La poesia è una forma espressiva in cui si mantiene viva la suggestione del suono ai fini della comunicazione linguistica.
Come dice Vico è l'espressione propria ad un'altra età dell'uomo, più arcaica, in cui dominano l'immaginazione, la passione, il mito; in cui era forte il senso del mistero irriducibile della realtà, dell'uomo, dell'universo.
Nell'era della ragione la forma espressiva adeguata è la prosa, e la poesia diventa fuori moda: una stranezza un po' anacronistica.
La conoscenza razionale del mondo tende ad eliminare il mistero, non c'è niente che non possa essere compreso, l'irriducibile è relegato alla non esistenza.
Ma non c'è tempo in cui la necessità espressiva del mistero sia più forte che in quello in cui è negato.
Questo, secondo me, è il senso e l'utilità della poesia oggi: cantare l'irriducibile misconosciuto.
E questo può essere fatto soltanto attraverso un'espressione linguistica non omologata, inutile ed anacronistica come quella poetica.

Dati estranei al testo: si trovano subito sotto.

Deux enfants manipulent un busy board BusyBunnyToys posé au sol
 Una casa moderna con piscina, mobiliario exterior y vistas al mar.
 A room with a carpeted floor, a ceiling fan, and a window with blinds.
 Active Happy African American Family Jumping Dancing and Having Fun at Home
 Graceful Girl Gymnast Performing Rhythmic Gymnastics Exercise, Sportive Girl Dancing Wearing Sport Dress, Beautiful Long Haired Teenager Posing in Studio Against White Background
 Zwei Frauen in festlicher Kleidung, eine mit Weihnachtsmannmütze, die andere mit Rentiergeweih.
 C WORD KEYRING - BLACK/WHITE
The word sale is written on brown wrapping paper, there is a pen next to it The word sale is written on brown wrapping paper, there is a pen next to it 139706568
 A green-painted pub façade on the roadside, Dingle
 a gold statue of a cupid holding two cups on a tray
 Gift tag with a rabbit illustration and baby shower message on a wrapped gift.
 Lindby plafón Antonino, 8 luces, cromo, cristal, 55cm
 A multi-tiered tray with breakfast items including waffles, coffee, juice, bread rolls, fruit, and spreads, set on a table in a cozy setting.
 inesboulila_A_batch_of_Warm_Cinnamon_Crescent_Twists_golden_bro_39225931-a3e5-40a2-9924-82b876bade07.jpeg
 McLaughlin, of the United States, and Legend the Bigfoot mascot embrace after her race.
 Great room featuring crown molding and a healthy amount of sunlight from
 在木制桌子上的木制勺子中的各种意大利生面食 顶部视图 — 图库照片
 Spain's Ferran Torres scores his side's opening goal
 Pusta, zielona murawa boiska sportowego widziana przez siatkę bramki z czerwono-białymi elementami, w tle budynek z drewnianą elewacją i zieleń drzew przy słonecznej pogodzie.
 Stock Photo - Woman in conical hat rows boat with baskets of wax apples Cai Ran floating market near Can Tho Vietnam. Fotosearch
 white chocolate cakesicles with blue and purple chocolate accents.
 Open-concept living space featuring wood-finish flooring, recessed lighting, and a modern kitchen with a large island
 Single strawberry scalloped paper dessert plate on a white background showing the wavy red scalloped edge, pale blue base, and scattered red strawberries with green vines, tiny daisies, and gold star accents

La poesia può essere una cura dei nostri mali interiori? Certamente, ma può essere anche un loro aggravamento!
Comunque, quando si comincia a scrivere per sfogo, per dare un'espressione alla nostra interiorità, spesso si buttano giù una serie di pensieri, una sorta di flusso di coscienza, che nella loro spontaneità sono caratterizzati da una certa incoerenza che li allontana dalla prosa razionale e li fa assomigliare alla forma poetica. Si tratta in realtà di una sotto-prosa, ma la poesia sta molto più in profondità nella stratificazione delle espressioni linguistiche.
Anche questa può essere curativa, ma non è poesia.
La metrica penalizza l'espressione poetica?
Tutta la storia della letteratura dice di no.
Se uno non sa andare in bicicletta, l'uso della bicicletta penalizza le sue capacità di movimento, ma se uno sa andare in bicicletta andrà molto più forte e più lontano di chi cammina a piedi.
Fuor di metafora la metrica, la prosodia (accenti, rime, assonanze ecc.) non sono che uno strumento che il poeta usa per controllare quella dimensione linguistica del suono che è peculiare all'espressione poetica; è un mezzo in vista di un fine, se il mezzo non è più adeguato al fine, ne va trovato un altro. D'altra parte il poeta è anche il creatore dei propri mezzi espressivi.